1. A medical electrical lead, comprising:

an electrode
an electrode conductor coupled to the electrode; and
a shield conductor adjacent to at least a portion of the electrode conductor, the shield conductor being electrically isolated from the electrode conductor and adapted to at least partially electrically shield the electrode wire.

2. The lead of claim 1, and further including at least one conductor to electrically coupled the shield conductor to a body.

3. The lead of claim 2, wherein the lead includes means to couple to an implantable medical device (IMD), and wherein the at least one conductor includes at least one surface of the IMD.

4. The lead of claim 2, wherein the at least one conductor includes at least one electrode.

5. The lead of claim 1, wherein the shield conductor comprises a biocompatible material.

6. The lead of claim 5, wherein the shield conductor comprises titanium.

7. The lead of claim 1, wherein the electrode conductor and shield conductor are coils.

8. The lead of claim 7, wherein the electrode conductor and shield conductor are arranged in a substantially co-axial manner.

9. The lead of claim 1, wherein the shield wire is selected to maintain the electrical lead stiffness.

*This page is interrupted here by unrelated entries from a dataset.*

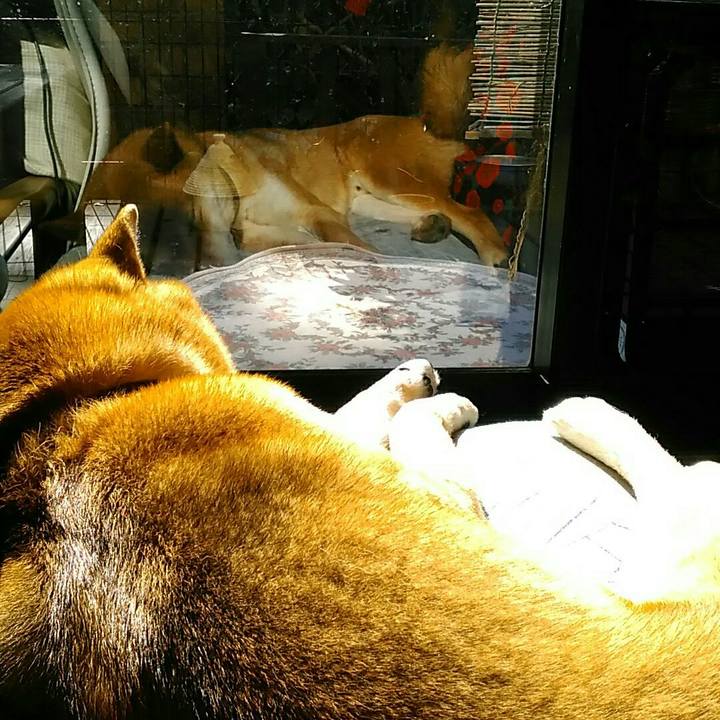 Be4879e8 0c79 4df8 9cfa 265ac8397df7 1549939155629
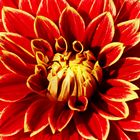 3585....coeur de dahlia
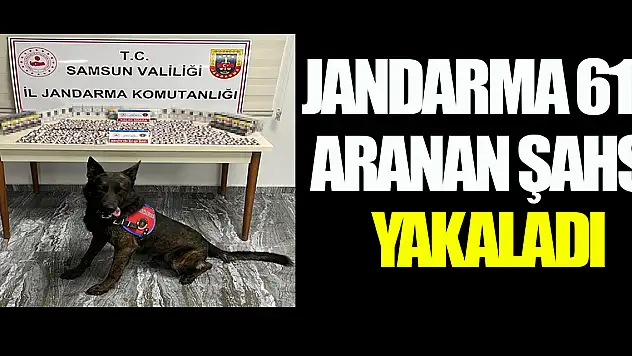 Jandarma 615 aranan şahsı yakaladı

10. An apparatus, comprising:

an implantable medical device;
an electrical lead electrically coupled to the implantable medical device; and
a shield wire disposed within the lead, the shield wire adapted to at least partially electrically shield the electrical lead.

11. The apparatus of claim 10, wherein the electrical lead comprises at least one electrical conductive electrode wire.

12. The apparatus of claim 11, wherein a layer of insulative material electrically insulates the shield wire and the electrode wire.

13. The apparatus of claim 10, and further including at least one conductor proximate a surface of the electrical lead, the at least one conductor being electrically coupled to the shield wire.

14. The apparatus of claim 13, wherein the at least one conductor is at least one ring electrode.

15. A method of shielding a medical electrical lead, comprising:

receiving electromagnetic energy within a shield wire carried by the lead; and
dissipating the energy into a patients body via at least one conductive surface electrically coupled to the shield wire.

16. A method of shielding a medical electrical lead from radio-frequency energy, comprising:

providing an electrical lead comprising at least one electrode wire and at least one shield wire; and
electrically coupling the at least one shield wire to a living body.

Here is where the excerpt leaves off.